▸ YOUR ASSIGNMENT
In the records below, the relevant part opens with the line containing "Revolution WW110 Mid" and closes with the line containing "BLACK+DECKER Heated Blanket"; print that part exactly and only, without its pictures.

▸ WORKING DATA
- - - - -
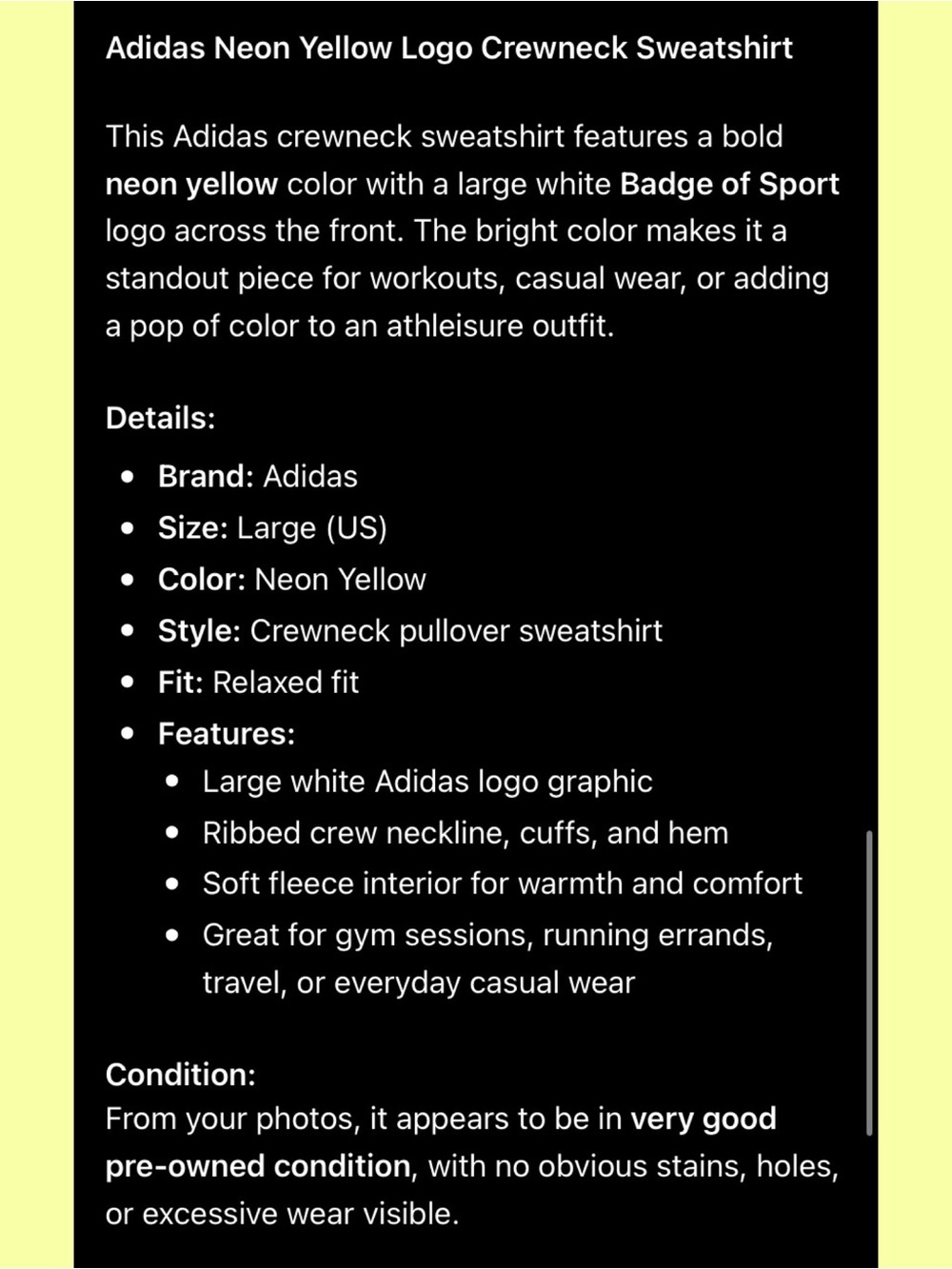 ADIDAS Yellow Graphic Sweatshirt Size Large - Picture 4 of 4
- - - - -
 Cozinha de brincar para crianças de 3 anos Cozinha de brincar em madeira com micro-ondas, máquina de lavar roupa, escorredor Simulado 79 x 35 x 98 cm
- - - - -
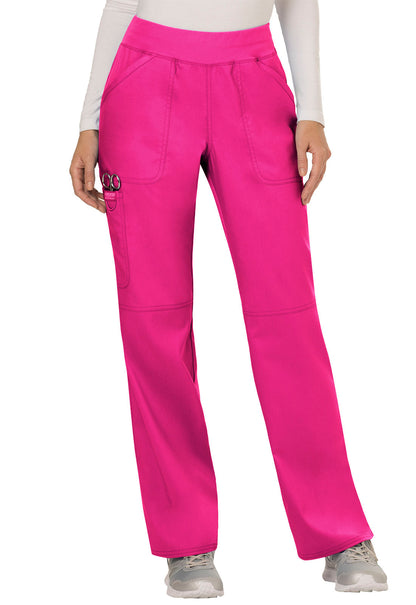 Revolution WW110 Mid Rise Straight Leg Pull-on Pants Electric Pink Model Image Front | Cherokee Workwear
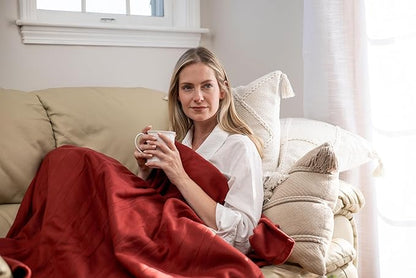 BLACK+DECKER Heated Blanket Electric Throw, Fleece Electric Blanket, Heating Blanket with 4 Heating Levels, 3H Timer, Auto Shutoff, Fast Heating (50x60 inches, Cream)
- - - - -
▸ THE COMPLETED TASK
 Revolution WW110 Mid Rise Straight Leg Pull-on Pants Electric Pink Model Image Front | Cherokee Workwear
 BLACK+DECKER Heated Blanket Electric Throw, Fleece Electric Blanket, Heating Blanket with 4 Heating Levels, 3H Timer, Auto Shutoff, Fast Heating (50x60 inches, Cream)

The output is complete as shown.